(GIVEN MATERIAL Opens)

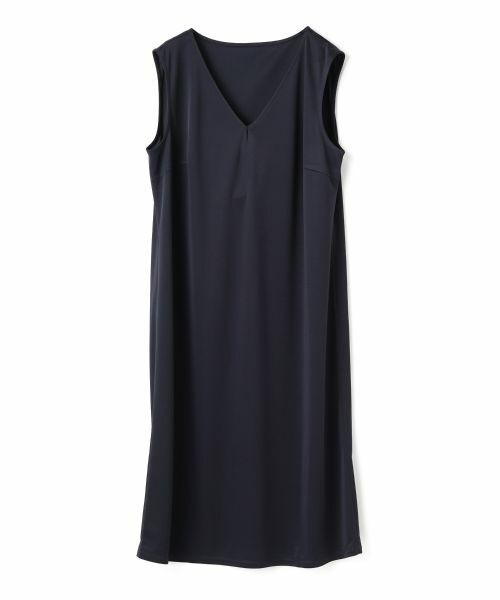 LANVIN COLLECTION / ランバン コレクション ドレス | フリルスリーブワッシャーワンピース | 詳細11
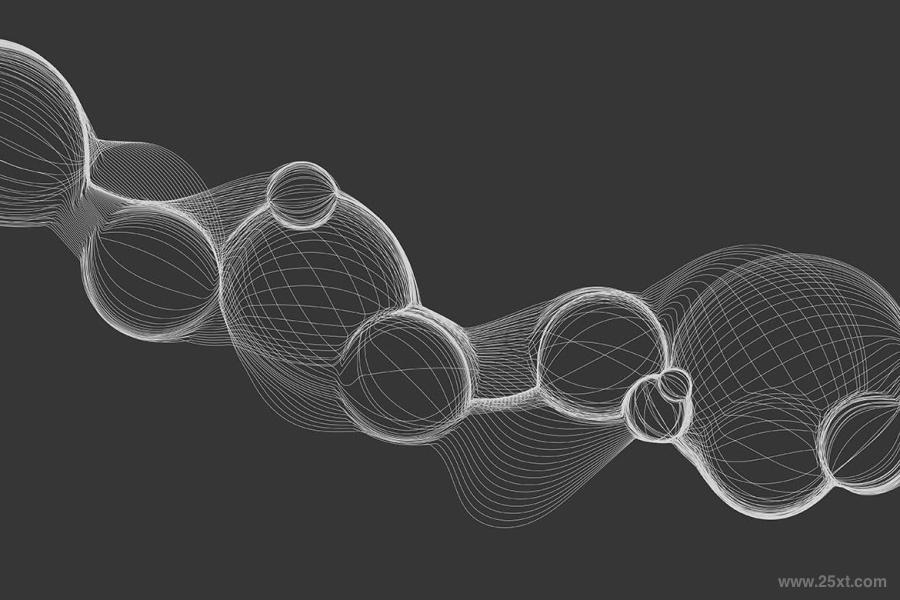 25xt-487292 Bubble-Wireframe-Wave-Backgroundsz5.jpg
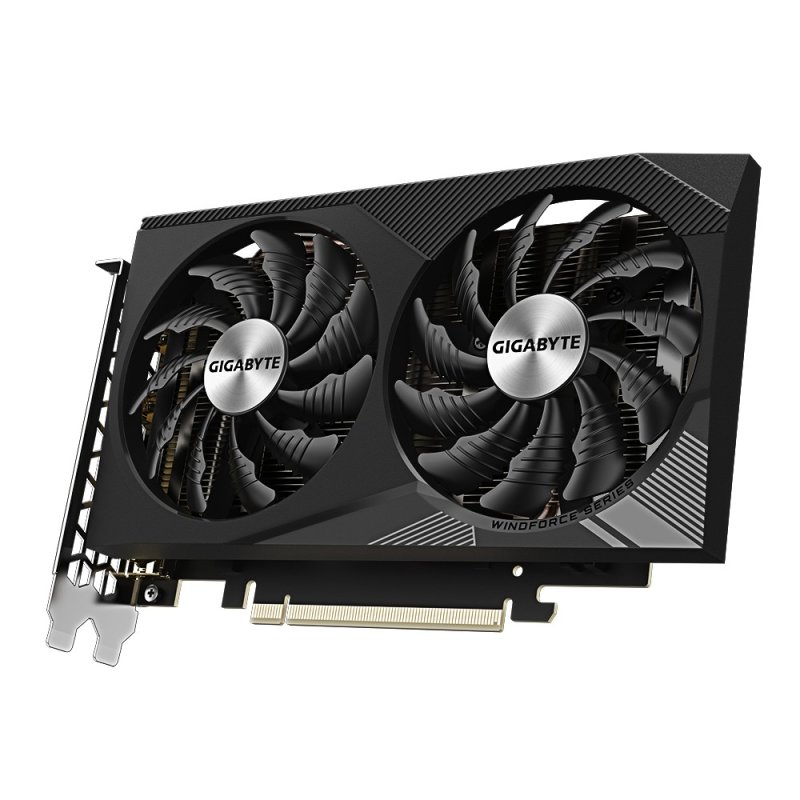 GIGABYTE RTX 3050 WINDFORCE V2 / 8GB / GDDR6 - obrázek č. 2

(GIVEN MATERIAL Closes)

▶ [ABOUT THIS TASK] Please retype the whole of the data precisely, omitting pictures.

▶ [TASK OUTPUT]
 LANVIN COLLECTION / ランバン コレクション ドレス | フリルスリーブワッシャーワンピース | 詳細11
 25xt-487292 Bubble-Wireframe-Wave-Backgroundsz5.jpg
 GIGABYTE RTX 3050 WINDFORCE V2 / 8GB / GDDR6 - obrázek č. 2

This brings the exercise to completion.